» Your assignment:
When you retype the records that follow, keep each word as it is and drop any pictures.

-------- Material shown

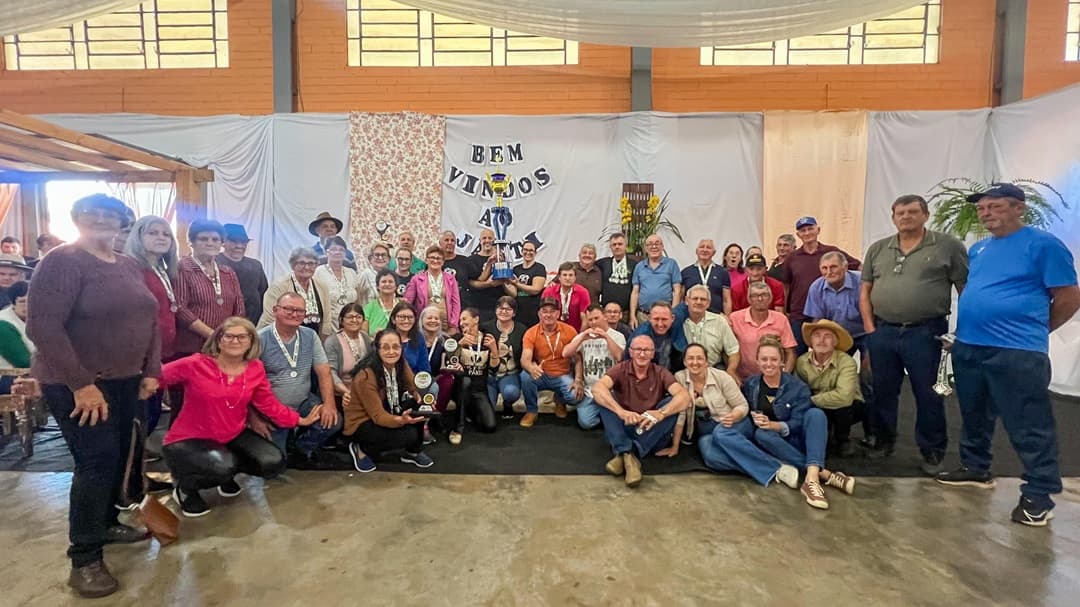 Grupo São Francisco da linha Garibaldi conquista o troféu do Jasti em Nova Itaberaba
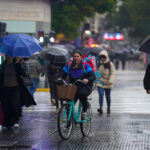 Clima hoy y ciclogénesis en Buenos Aires: siguen las lluvias y ahora rige una alerta amarilla por fuertes vientos en el AMBA | FM Avenida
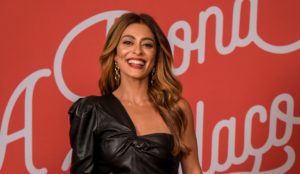 Juliana Paes na coletiva de imprensa em A Dona do Pedaço (Foto: Globo / Estevam Avellar)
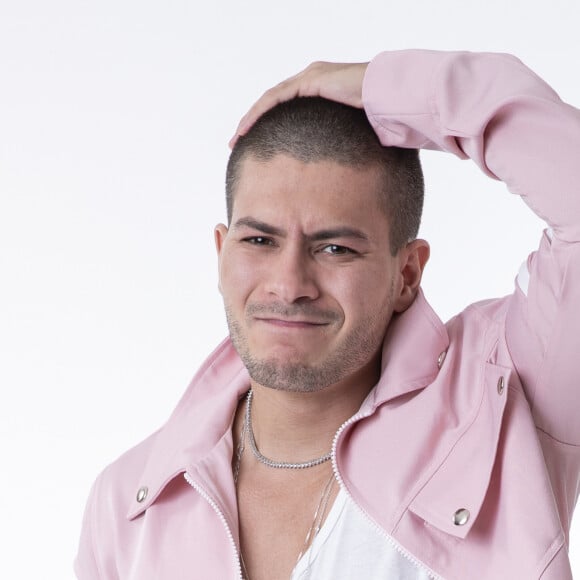 Arthur Aguiar procurou a polícia e afirmou que influenciadora mentiu ao exibir 'conversas' entre eles: 'Foi bem feita (a armação), inclusive quase acreditei'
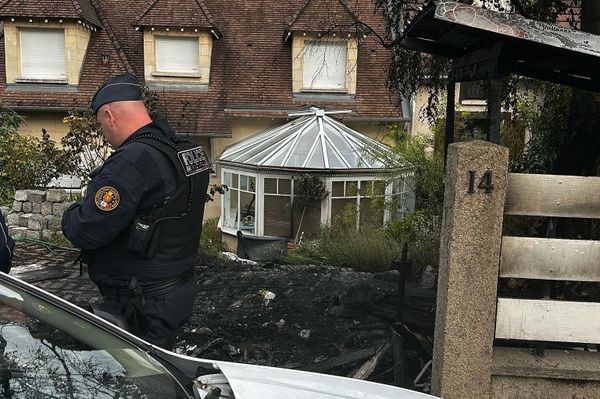 Municipal police officers stand in front of the damaged home of the Mayor of l'Hay-les-Roses Vincent Jeanbrun in a suburb of Paris after rioters rammed a vehicle into the building injuring the mayor's wife and one of his children. - Sputnik International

----------------

» Output for this task:
 Grupo São Francisco da linha Garibaldi conquista o troféu do Jasti em Nova Itaberaba
 Clima hoy y ciclogénesis en Buenos Aires: siguen las lluvias y ahora rige una alerta amarilla por fuertes vientos en el AMBA | FM Avenida
 Juliana Paes na coletiva de imprensa em A Dona do Pedaço (Foto: Globo / Estevam Avellar)
 Arthur Aguiar procurou a polícia e afirmou que influenciadora mentiu ao exibir 'conversas' entre eles: 'Foi bem feita (a armação), inclusive quase acreditei'
 Municipal police officers stand in front of the damaged home of the Mayor of l'Hay-les-Roses Vincent Jeanbrun in a suburb of Paris after rioters rammed a vehicle into the building injuring the mayor's wife and one of his children. - Sputnik International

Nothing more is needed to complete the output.